奧様は、設計をご依頼される3年前からずっと決めていらっしゃって時期が来た時にご主人に相談されて当事務所にご連絡いただきました。
先祖から受け継いできたものを大切に遺しつつ、コレクションしている洋風のビンテージ家具や趣味のシュガーアートなどの作品を飾れるように考えて欲しいという想いもあり、初対面当日に契約になりました。
解体後、調査の結果、床下の根太等が古材の再利用で200年以上経っているものだということがわかりました。
間取りの見直しと変更をし、構造的に不具合のあるものは構造事務所と検討し、傾きの補正後、全て補修・取り換えを行いました。
風の通りを阻害していた増築の床を減築し、吹き抜けを作り、窓の配置を変更するなどの工夫を凝らし、風の通りを考えました。光が届かない部分は光井戸を設けることで補って居ます。

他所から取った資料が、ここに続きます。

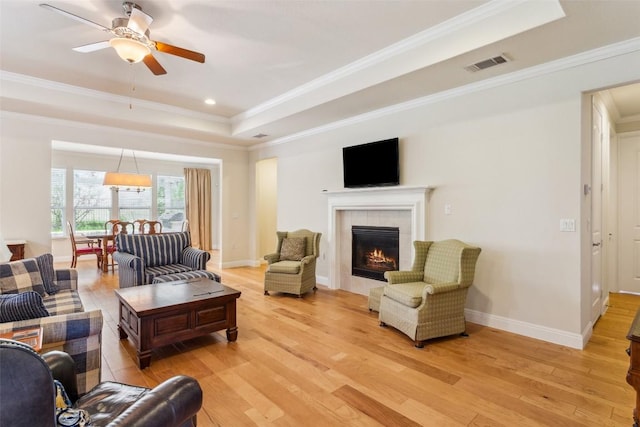 419 Davis Mountain Cir, Georgetown, TX 78633 - living room featuring a tray ceiling, light wood-style flooring, crown molding, a tile fireplace, and ceiling fan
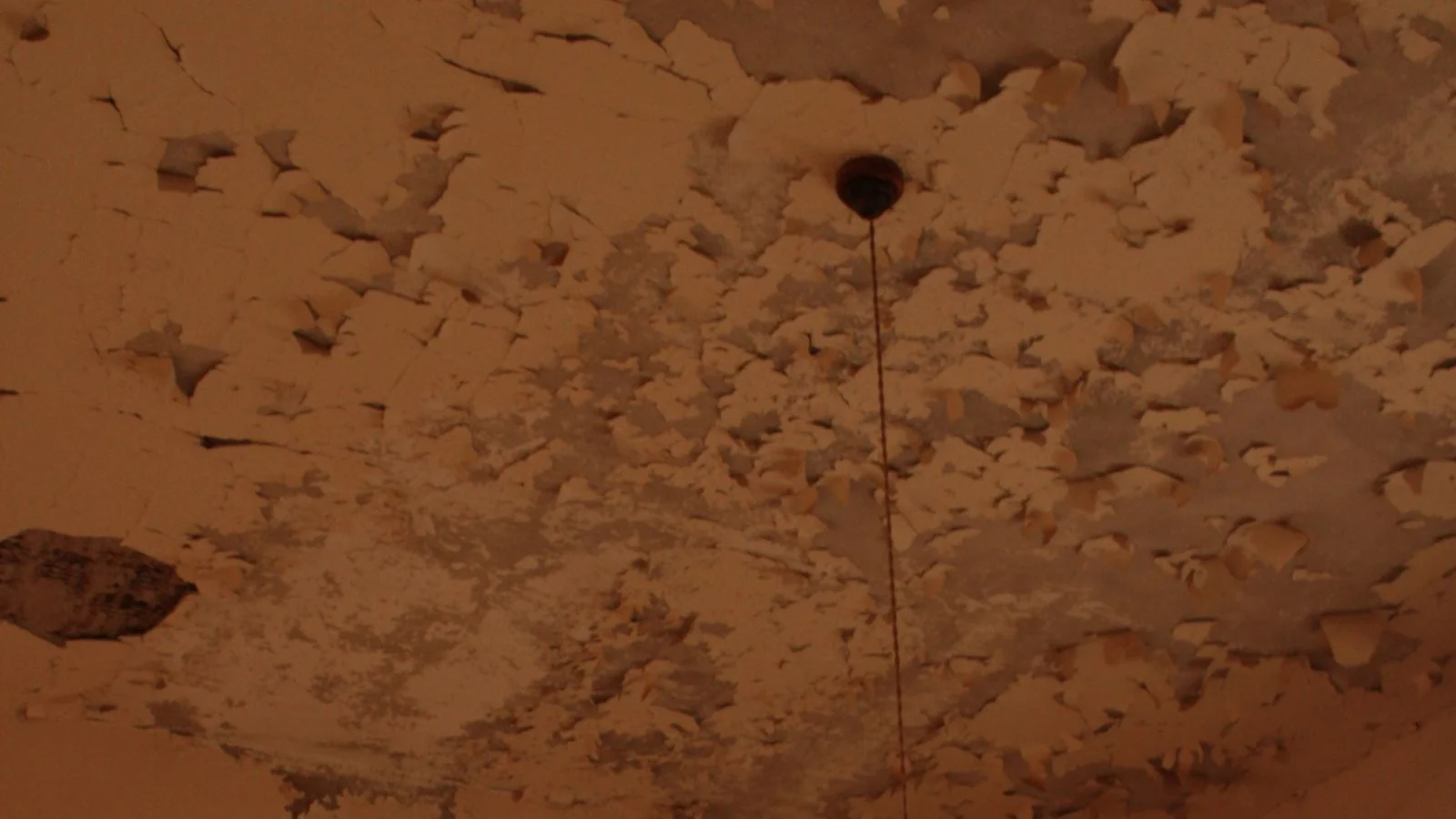 A damp brown stain spreading across a peeling ceiling in the corner of a room with a bare pendant lamp, the mark an aircon leaking water leaves overhead.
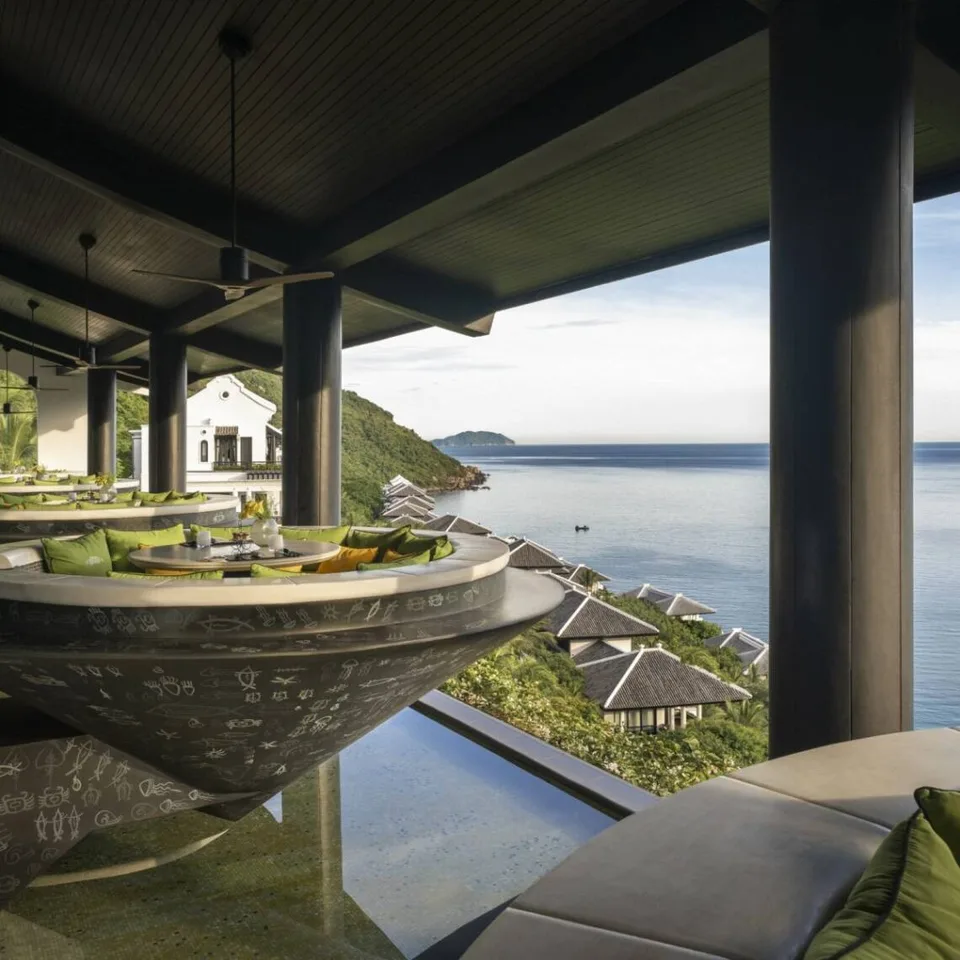 Conical outdoor dining booths at Citron overlooking the coast at InterContinental Danang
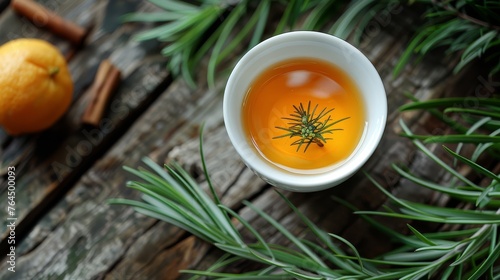  A cup of tea sits atop a wooden table, near two oranges and a pine tree branch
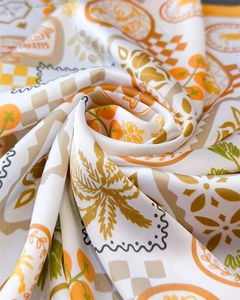 Detailed macro view of the printed silk scarf featuring Mediterranean SARDINIA patterns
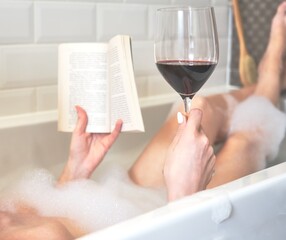 Woman holding a glass of red wine and reading book in bath with foam. Concepts of unrecognizable...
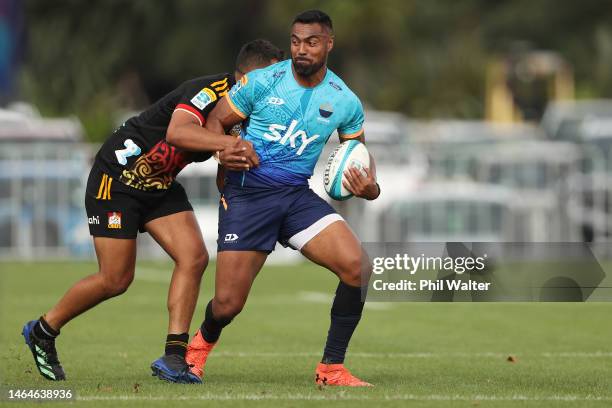 Lolagi Visinia of Moana Pasifika is tackled during the Super Rugby trial match between Moana Pasifika and Chiefs at Mt Smart Stadium on February 10,...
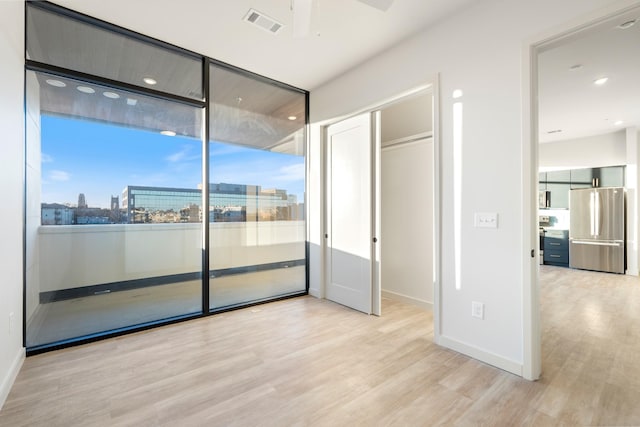 unfurnished bedroom with visible vents, baseboards, freestanding refrigerator, and wood finished floors
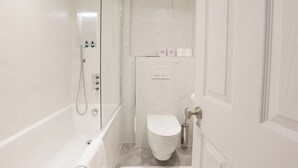 Un baño moderno con ducha, inodoro y cabina de ducha con mampara de vidrio.
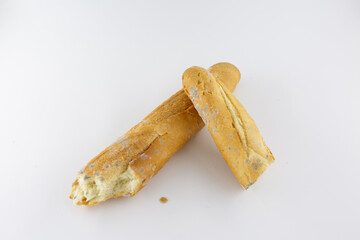 Two baguette pieces with visible mold placed on a clean white background. Represents the theme of decay, waste, and time.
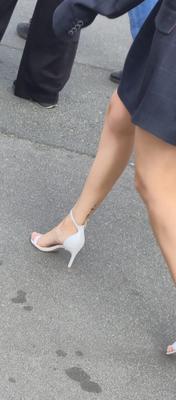 Girl in white sandal heels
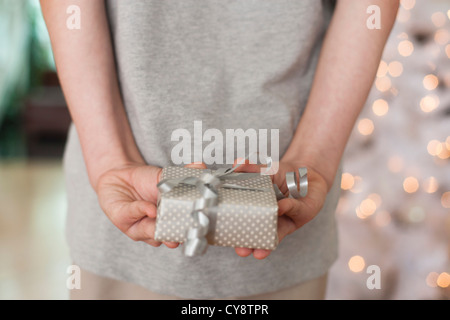 Girl holding gift behind back Banque D'Images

今まで、室内でケージ暮らだったワンちゃん2匹の犬専用の部屋を設け、自由に遊べる場所を考えました。
「プレイルーム(犬部屋)」は掃除し易い素材で、夏の暑さ冬の寒さを考えた対策をしています。おもちゃ、ペットフードを収納する棚や、造付けの机ではテレビを見ることも可能です。
室内には土間があり、外から帰宅したら足を洗うこともできます。
居間にいる建て主さんからも、玄関ホールを介してプレイルームにいるワンちゃんたちからも常に姿が見えるようにしています。
開放性が大いにある古民家では冬場の寒さの解消は必須です。
度重なるリフォームで板金やサイディングになってしまったところを剥がし、断熱施工の上、下見板にしました。
また、木が動くことからアルミサッシが開かなくなっていたところが多数ありましたので、アルミサッシのものを全て取り除き、のちのメンテナンスのことも考えて、建具職人さん達による造作でペアガラス木建具に変更しました。
縁側の建具周りは外観のバランスを失わないよう、既存建具の補修を行いました。内側に夏の陽射しを和らげる為に、また冬の寒さや結露を防止する為に猫間障子を新設しました。
デザインや使い勝手などもさることながら、構造補正を優先し、これからあと200年は何もせず、持ってほしいという想いもあって木のこと、材料のこと、職人さん達とチームを組みながら工事着手しました。
木の温もりを感じながら、光と風が透る住まいになりました。
使い易くなった住まいで、近くに住む娘さん達が頻繁に泊りに来たりするようになったとお聞きして嬉しく思って居ます。
冬場の寒さと埃があちらこちらから出て来て掃除がし難い現状から寒さの解消と掃除のし易い住まいということで、寒さ対策については断熱施工や建具を工夫し、掃除については細かな材が全て見えることが古民家の良さでもありますが、天井を付けるなどして手が届かないようなところはなるべく綺麗な状況に保てるようにしました。
冬場、ダウンコートを着なくてはいけないような気温になる部屋だったのが、今は朝起きて、ほんのり温かいとのことです。暖房の効きもよく、薄着で過ごされて居ます。
掃除の為に付けた天井内に設備配管を隠ぺいしたのでスッキリしました。
まだ竣工していない時期に、無垢材が入って来るのを見たり、職人さんの手仕事が現場で見ることができたことに感激して一緒に選ぶ材木ひとつにしてもとても楽しんでいただきました。
朝・夕を奧様やご主人の手料理でご一緒する時間が長く、家族のように一緒に居られたことに感謝しています。